ORISTANO. Nuovo importante impegno per i ricercatori dell'Iamc-Cnr di Torregrande, che fino giovedì parteciperanno alla Recognized Environmental Picture Mediterranean 2014, ovvero Rep-14 Med, la campagna scientifica internazionale organizzata nel mar Mediterraneo dalla Nato-Sto-Cmre di La Spezia.
A bordo di navi da ricerca sarà raccolta una serie di dati importantissimi per il buon esito di operazioni come nel caso delle emergenze da inquinamento da idrocarburi, la ricerca e il soccorso di dispersi, ma anche per operazioni militari. In particolare, il gruppo di Oceanografia operativa del Cnr di Oristano contribuirà alla caratterizzazione fisica delle masse d'acqua dell'area di studio.
«I dati ambientali osservati - riferisce in una nota il ricercatore dell'Iamc-Cnr di Oristano, Roberto Sorgente - saranno inviati in tempo reale al centro di La Spezia e al centro di Oristano. La loro raccolta ed elaborazione consentirà una approfondita caratterizzazione sinottica del mar di Sardegna, attualmente poco conosciuto».

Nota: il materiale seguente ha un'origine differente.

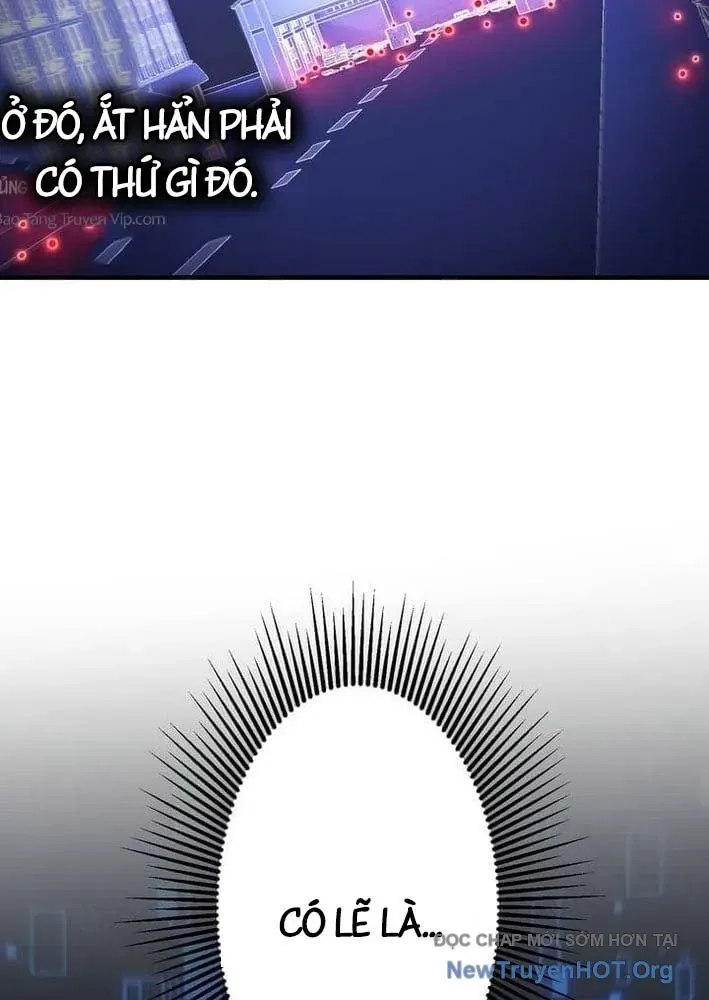 Bậc Thầy Bẫy Toàn Trí Toàn Năng - Chapter 2 - Page 142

La ricerca nel Mediterraneo impegnerà un team di scienziati provenienti da sei nazioni e ventuno istituzioni diverse, raccogliendo dati importantissimi di valore ecologico ed economico, così da avere una visione sempre più completa di quanto avviene nel Mar Mediterraneo anche sotto il profilo delle attività dell'uomo.
La missione, nei giorni scorsi, aveva provocato la protesta del deputato Mauro Pili: «Da Oristano a Buggerru, da Iglesias alle coste vicine a Teulada. I tracciati nautici sono eloquenti di un'attività fuori dal comune - ha spiegato Pili - chi ha autorizzato quel tipo di esperimenti, e soprattutto di che esperimenti si tratta? Credere allo studio della poseidonia è difficile, non foss'altro che la poseidonia cresce su fondali luminosi e bassi, mentre queste due navi avrebbero potenzialità di ispezione con siluri sino a 6.000 metri. Come guardare la televisione con un cannocchiale satellitare».
«Occorre chiarezza – aveva dichiarato Pili – e il governo deve dare risposte immediate».